If passed, the bill would bring the city’s street rules to align with the state, which allows a pedestrian to cross at any point of the street as long as there is no oncoming traffic.
“Every New Yorker crosses in the middle of the block, but that can end in a ticket depending on your skin color,” Constantinides said in a statement. “It’s beyond time we end this system by changing these outdated rules, which no longer reflect New York City’s modern day streetscape.”
The councilman argued that jaywalking enforcement unfairly targets people of color. He cited a Streetsblog analysis that found that Black and Latino New Yorkers received nearly 90 percent of 397 illegal crossing tickets issued last year.
In 2019, almost 40 percent of jaywalking violations were issued in three Bronx precincts, and almost every person fined was Black or Latino, Constantinides noted.

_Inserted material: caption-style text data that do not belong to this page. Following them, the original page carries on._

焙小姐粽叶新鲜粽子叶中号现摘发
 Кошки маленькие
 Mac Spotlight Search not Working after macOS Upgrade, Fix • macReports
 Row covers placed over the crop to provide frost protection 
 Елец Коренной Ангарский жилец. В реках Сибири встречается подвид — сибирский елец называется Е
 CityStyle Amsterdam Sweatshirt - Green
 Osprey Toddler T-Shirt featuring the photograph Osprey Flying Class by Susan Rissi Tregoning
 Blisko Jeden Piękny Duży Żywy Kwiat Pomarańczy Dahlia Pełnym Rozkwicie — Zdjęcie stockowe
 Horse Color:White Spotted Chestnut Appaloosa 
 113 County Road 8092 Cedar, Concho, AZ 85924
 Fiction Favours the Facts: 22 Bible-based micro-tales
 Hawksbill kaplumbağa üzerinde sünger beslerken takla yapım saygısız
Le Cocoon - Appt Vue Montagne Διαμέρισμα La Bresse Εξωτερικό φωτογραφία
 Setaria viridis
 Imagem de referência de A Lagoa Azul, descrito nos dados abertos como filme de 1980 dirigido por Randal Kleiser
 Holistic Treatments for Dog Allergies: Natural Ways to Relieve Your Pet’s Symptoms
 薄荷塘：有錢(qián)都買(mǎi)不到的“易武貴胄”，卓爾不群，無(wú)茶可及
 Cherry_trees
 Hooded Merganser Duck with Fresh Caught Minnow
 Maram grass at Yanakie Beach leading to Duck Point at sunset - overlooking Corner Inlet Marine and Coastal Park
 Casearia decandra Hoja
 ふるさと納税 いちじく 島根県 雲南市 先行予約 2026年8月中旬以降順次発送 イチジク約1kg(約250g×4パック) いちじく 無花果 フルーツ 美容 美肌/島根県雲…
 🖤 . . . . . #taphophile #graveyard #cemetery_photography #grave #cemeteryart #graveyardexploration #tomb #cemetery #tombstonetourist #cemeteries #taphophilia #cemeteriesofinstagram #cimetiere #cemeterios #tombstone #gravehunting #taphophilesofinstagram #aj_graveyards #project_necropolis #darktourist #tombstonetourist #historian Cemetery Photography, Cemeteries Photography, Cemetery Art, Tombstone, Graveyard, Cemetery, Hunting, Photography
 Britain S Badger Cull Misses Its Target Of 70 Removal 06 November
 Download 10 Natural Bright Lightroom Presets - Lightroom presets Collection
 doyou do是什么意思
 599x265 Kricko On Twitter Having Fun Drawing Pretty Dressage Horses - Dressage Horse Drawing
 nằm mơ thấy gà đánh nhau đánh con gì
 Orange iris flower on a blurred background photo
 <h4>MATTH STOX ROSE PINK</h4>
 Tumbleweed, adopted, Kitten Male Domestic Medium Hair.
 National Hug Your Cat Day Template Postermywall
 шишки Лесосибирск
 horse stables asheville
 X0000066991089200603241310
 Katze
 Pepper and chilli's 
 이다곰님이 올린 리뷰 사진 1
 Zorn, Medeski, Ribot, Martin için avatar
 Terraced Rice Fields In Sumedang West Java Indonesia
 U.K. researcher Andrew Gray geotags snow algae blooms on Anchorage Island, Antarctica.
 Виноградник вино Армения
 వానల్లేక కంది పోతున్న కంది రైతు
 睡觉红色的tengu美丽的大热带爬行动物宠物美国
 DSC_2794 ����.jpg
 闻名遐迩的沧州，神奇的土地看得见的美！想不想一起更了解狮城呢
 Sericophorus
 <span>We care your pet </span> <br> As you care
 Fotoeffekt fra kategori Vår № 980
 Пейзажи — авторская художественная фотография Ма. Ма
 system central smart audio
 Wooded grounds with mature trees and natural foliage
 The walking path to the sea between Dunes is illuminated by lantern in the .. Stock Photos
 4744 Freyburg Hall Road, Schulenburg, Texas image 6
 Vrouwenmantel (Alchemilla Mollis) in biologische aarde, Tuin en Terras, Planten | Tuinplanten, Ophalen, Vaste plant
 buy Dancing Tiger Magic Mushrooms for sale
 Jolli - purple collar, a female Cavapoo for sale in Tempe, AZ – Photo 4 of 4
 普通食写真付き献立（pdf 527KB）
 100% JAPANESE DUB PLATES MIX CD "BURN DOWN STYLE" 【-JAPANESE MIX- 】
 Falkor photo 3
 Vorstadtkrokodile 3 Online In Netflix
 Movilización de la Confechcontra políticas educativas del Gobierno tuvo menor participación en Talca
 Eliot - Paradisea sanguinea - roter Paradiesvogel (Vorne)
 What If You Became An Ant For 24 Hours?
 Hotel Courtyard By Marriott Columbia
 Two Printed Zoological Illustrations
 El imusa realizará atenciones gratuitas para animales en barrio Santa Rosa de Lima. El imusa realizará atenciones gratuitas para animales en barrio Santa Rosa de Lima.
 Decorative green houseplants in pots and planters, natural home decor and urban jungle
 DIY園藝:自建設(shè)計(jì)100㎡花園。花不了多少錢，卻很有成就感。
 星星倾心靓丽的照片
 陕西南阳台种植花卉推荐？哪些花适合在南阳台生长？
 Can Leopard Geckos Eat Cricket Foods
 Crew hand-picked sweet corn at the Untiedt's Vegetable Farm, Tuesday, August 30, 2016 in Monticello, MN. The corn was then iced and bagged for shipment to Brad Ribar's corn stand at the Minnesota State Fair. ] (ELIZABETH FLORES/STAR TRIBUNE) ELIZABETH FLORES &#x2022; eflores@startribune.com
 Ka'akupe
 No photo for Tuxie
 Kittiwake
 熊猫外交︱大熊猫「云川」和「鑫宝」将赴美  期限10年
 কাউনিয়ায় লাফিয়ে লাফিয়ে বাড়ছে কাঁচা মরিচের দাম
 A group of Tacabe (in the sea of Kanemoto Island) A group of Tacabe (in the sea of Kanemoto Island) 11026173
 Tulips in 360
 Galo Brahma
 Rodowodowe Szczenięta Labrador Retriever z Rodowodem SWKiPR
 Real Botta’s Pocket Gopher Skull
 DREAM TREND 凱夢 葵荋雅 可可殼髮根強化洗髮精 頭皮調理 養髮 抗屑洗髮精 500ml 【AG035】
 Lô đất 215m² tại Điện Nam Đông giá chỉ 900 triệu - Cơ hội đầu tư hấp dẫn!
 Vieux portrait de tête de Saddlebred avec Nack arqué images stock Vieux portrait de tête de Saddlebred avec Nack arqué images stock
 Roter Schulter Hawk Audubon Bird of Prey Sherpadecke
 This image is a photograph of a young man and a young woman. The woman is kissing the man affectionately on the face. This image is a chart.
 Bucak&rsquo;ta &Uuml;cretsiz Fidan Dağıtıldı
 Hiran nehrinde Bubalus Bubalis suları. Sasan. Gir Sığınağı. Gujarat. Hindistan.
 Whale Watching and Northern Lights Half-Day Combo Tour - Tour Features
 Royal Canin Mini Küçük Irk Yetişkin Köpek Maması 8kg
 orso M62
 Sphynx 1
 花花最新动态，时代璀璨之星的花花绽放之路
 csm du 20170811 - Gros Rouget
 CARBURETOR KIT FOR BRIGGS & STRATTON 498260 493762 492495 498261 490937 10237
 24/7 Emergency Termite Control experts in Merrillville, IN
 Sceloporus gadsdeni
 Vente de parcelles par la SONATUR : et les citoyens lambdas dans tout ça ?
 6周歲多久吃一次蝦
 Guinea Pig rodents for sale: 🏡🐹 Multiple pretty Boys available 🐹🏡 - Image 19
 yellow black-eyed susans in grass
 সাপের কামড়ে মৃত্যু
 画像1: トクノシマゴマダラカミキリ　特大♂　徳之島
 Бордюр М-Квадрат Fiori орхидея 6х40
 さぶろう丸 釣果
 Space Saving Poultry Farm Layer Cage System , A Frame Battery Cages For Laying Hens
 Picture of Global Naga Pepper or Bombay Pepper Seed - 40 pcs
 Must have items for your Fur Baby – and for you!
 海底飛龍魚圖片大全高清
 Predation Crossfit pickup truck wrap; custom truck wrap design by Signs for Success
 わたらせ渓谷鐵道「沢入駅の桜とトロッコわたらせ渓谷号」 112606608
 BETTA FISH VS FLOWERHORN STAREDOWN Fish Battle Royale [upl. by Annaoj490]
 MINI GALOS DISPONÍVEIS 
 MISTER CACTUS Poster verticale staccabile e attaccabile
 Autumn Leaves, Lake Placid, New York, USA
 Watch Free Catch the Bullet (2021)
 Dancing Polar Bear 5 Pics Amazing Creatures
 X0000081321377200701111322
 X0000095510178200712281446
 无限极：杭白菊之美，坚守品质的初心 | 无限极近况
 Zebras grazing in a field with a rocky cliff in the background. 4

African-Americans and Latinos make up 33 percent of the population within the 76th Precinct, which covers Sunset Park and Red Hook, but received 65 percent of jaywalking tickets.
Safe streets advocates announced their support for Constantinides’s bill.
“In New York, crossing the street should not be a crime, especially one that disproportionately targets Black and brown communities,” said Marco Conner DiAquoi, deputy director of Transportation Alternatives. “This legislation puts people first on New York City’s streets and would help end harmful and unacceptable disparate enforcement.”
Hsi-Pei Liao, a founding member of the group Families for Safe Streets, noted that when his three-year-old daughter Allison was killed by a driver while crossing a Flushing street in 2013, she was even holding her grandmother’s hand. That didn’t save her life or prevent victim blaming, he said.
“Most pedestrians killed or severely injured on New York City streets are struck walking in the crosswalk with the signal by turning drivers,” Liao said. “Enforcement against so-called jaywalking doesn’t address the most dangerous behaviors by drivers, and perpetuates the myth that victims are responsible for their own deaths on our streets.”